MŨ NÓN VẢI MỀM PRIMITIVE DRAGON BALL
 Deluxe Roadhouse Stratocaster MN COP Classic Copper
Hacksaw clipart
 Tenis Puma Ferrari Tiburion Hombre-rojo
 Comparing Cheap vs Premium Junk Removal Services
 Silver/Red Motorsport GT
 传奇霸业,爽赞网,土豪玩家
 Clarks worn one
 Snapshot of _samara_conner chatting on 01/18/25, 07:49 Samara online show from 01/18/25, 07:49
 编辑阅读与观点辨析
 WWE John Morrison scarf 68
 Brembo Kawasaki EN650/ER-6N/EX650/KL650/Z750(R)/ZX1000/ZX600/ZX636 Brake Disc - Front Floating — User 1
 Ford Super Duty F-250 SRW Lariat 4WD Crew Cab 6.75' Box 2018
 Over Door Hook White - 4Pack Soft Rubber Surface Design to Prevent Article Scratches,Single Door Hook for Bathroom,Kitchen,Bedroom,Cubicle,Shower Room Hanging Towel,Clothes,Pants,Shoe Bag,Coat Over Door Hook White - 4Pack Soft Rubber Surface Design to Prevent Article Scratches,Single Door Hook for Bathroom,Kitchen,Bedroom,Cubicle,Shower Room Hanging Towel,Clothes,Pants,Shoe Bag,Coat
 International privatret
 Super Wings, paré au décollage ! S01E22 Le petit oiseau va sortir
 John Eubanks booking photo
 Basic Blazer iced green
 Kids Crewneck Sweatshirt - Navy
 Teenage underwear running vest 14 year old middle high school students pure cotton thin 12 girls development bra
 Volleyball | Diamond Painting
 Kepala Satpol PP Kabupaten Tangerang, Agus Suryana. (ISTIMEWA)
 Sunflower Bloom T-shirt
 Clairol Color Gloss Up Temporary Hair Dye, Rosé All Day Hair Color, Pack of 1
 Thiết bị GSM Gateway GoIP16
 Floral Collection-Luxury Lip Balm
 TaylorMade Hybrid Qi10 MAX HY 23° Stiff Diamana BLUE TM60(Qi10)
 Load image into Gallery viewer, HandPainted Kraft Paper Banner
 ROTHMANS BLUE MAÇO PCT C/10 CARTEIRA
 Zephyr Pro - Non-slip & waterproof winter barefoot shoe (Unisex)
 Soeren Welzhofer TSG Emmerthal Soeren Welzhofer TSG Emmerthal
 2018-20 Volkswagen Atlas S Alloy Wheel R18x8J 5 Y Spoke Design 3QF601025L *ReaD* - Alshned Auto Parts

□ □ □

Your task: Word for word, give back the data shown above.

Exercise solution:
MŨ NÓN VẢI MỀM PRIMITIVE DRAGON BALL
 Deluxe Roadhouse Stratocaster MN COP Classic Copper
Hacksaw clipart
 Tenis Puma Ferrari Tiburion Hombre-rojo
 Comparing Cheap vs Premium Junk Removal Services
 Silver/Red Motorsport GT
 传奇霸业,爽赞网,土豪玩家
 Clarks worn one
 Snapshot of _samara_conner chatting on 01/18/25, 07:49 Samara online show from 01/18/25, 07:49
 编辑阅读与观点辨析
 WWE John Morrison scarf 68
 Brembo Kawasaki EN650/ER-6N/EX650/KL650/Z750(R)/ZX1000/ZX600/ZX636 Brake Disc - Front Floating — User 1
 Ford Super Duty F-250 SRW Lariat 4WD Crew Cab 6.75' Box 2018
 Over Door Hook White - 4Pack Soft Rubber Surface Design to Prevent Article Scratches,Single Door Hook for Bathroom,Kitchen,Bedroom,Cubicle,Shower Room Hanging Towel,Clothes,Pants,Shoe Bag,Coat Over Door Hook White - 4Pack Soft Rubber Surface Design to Prevent Article Scratches,Single Door Hook for Bathroom,Kitchen,Bedroom,Cubicle,Shower Room Hanging Towel,Clothes,Pants,Shoe Bag,Coat
 International privatret
 Super Wings, paré au décollage ! S01E22 Le petit oiseau va sortir
 John Eubanks booking photo
 Basic Blazer iced green
 Kids Crewneck Sweatshirt - Navy
 Teenage underwear running vest 14 year old middle high school students pure cotton thin 12 girls development bra
 Volleyball | Diamond Painting
 Kepala Satpol PP Kabupaten Tangerang, Agus Suryana. (ISTIMEWA)
 Sunflower Bloom T-shirt
 Clairol Color Gloss Up Temporary Hair Dye, Rosé All Day Hair Color, Pack of 1
 Thiết bị GSM Gateway GoIP16
 Floral Collection-Luxury Lip Balm
 TaylorMade Hybrid Qi10 MAX HY 23° Stiff Diamana BLUE TM60(Qi10)
 Load image into Gallery viewer, HandPainted Kraft Paper Banner
 ROTHMANS BLUE MAÇO PCT C/10 CARTEIRA
 Zephyr Pro - Non-slip & waterproof winter barefoot shoe (Unisex)
 Soeren Welzhofer TSG Emmerthal Soeren Welzhofer TSG Emmerthal
 2018-20 Volkswagen Atlas S Alloy Wheel R18x8J 5 Y Spoke Design 3QF601025L *ReaD* - Alshned Auto Parts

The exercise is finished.